I ordered vanilla beans in bulk from http://www.organic-vanilla.com/servlet/StoreFront and they came to about 20 cents a bean. (I ordered by the pound and also got some Grade B beans since we were just making extract.)

I used vodka to make my vanilla extract a few months ago, but I know that won't help you.

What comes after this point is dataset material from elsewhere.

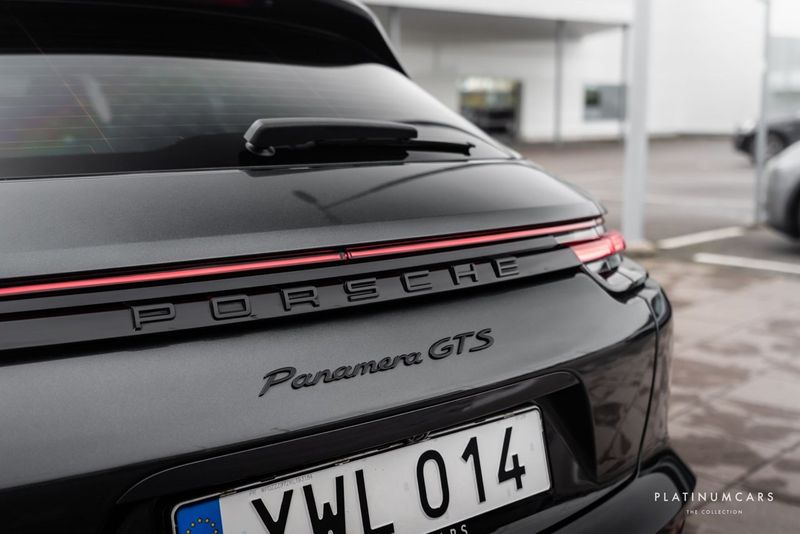 Porsche Panamera bild 19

Maybe try it with one bean and a little glycerine to see how it would work.


----------



## Koalamom (Dec 27, 2007)

Here is a recipe a friend gave me. It isn't as strong as the ones made with vodka, but still pretty good:

Vanilla

2 vanilla beans
12 oz glycerin
4 oz warm water

Slit bean down middle, and scrape downs seeds. Place both in glycerin and warm water. (softens pod)
Place in dark jar or light jar in dark place. Let sit for a month or so. Shake often and offer thanks for such wonderful vanilla.
Strain. I never get around to it and it still works.

Let us know how it goes!


----------



## ilikethedesert (Feb 4, 2004)

Quote:


Originally Posted by *audsma* 
I don't have a recipe, but aren't the vanilla beans super expensive?

Yeah, the ones I bought at the HFS were about $10 for two beans, so I'm thrilled to have the recipe above!







:THANK YOU!!!!







:














Off to try it!!!!


----------



## ilikethedesert (Feb 4, 2004)

Quote:


Originally Posted by *bluebirdmama1* 
Strain. I never get around to it and it still works.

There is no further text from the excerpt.